■ Short web captions:

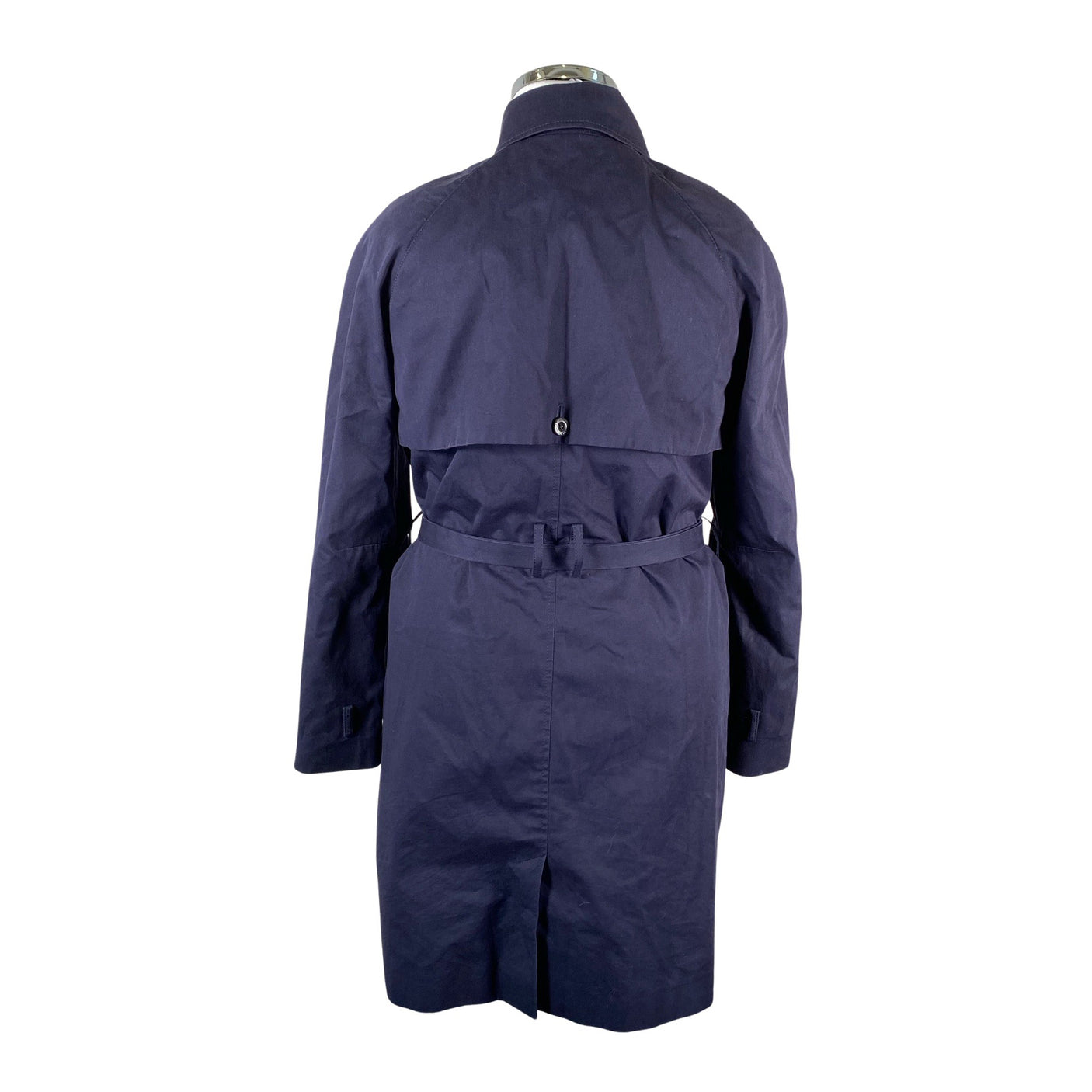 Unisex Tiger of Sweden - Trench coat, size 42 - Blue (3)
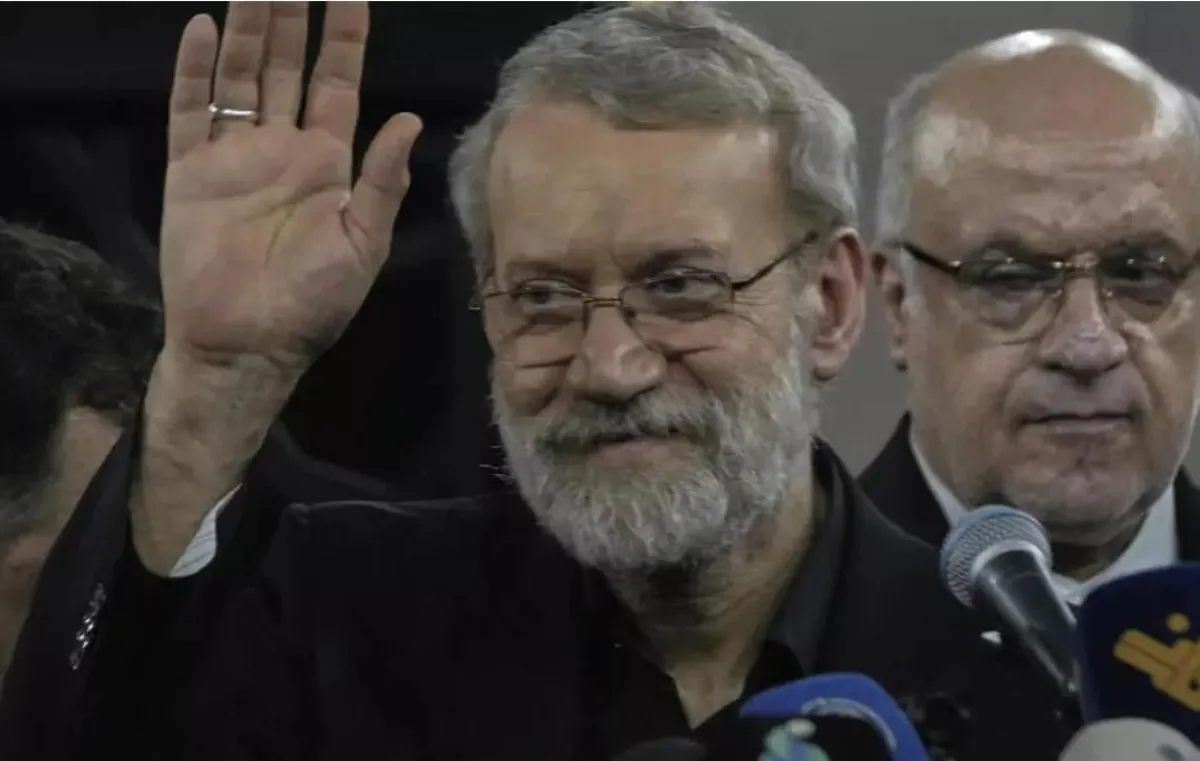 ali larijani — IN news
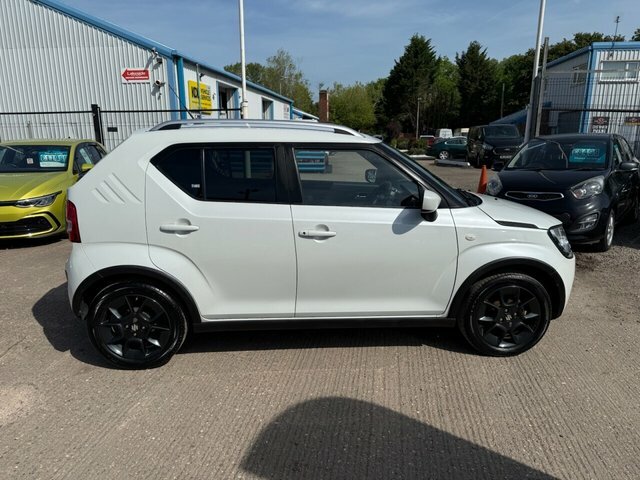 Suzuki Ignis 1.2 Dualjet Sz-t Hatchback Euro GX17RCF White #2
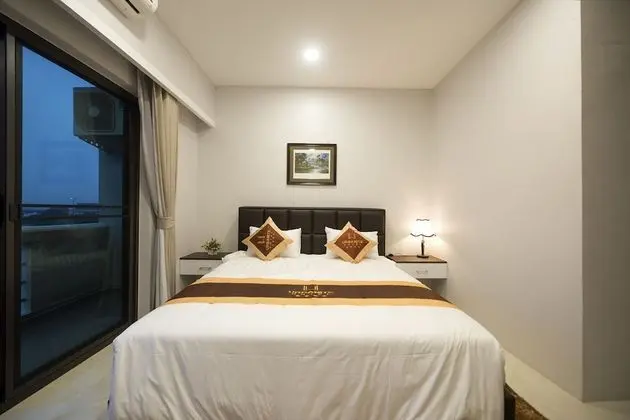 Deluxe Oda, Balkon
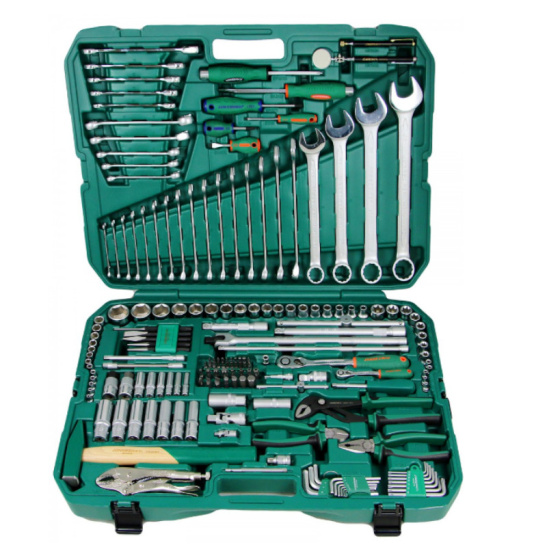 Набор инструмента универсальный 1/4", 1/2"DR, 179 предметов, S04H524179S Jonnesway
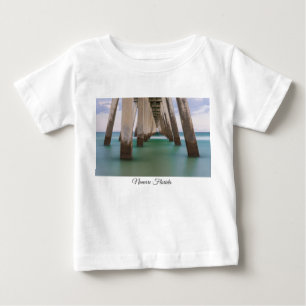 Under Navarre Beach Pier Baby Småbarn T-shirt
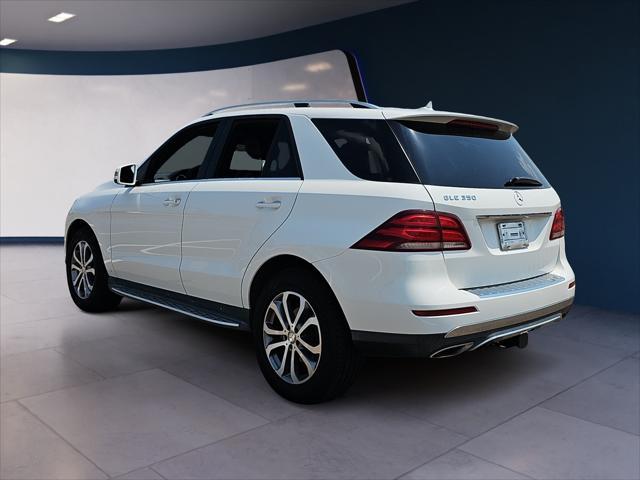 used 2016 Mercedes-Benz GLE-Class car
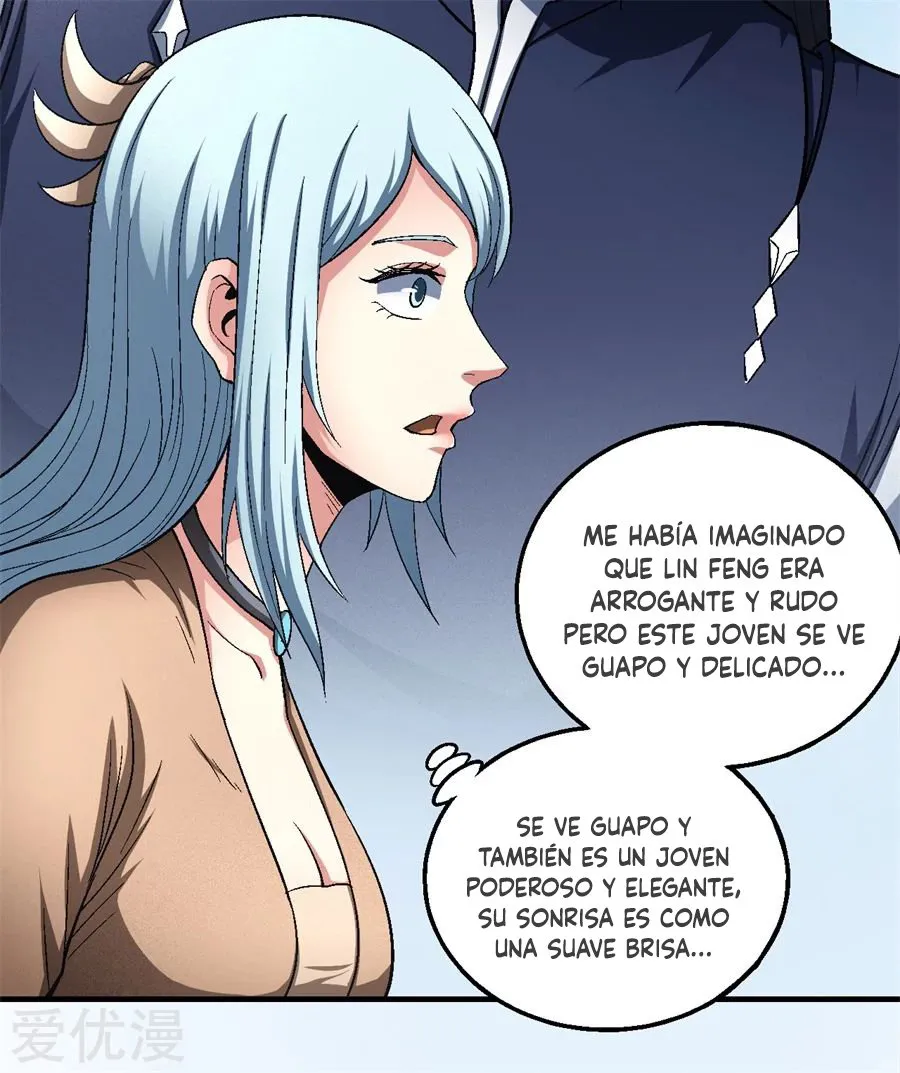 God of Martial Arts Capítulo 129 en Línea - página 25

■ Exercise: Write the entries out again exactly as they appear, with the pictures omitted.

■ Exercise response:
 Unisex Tiger of Sweden - Trench coat, size 42 - Blue (3)
 ali larijani — IN news
 Suzuki Ignis 1.2 Dualjet Sz-t Hatchback Euro GX17RCF White #2
 Deluxe Oda, Balkon
 Набор инструмента универсальный 1/4", 1/2"DR, 179 предметов, S04H524179S Jonnesway
 Under Navarre Beach Pier Baby Småbarn T-shirt
 used 2016 Mercedes-Benz GLE-Class car
 God of Martial Arts Capítulo 129 en Línea - página 25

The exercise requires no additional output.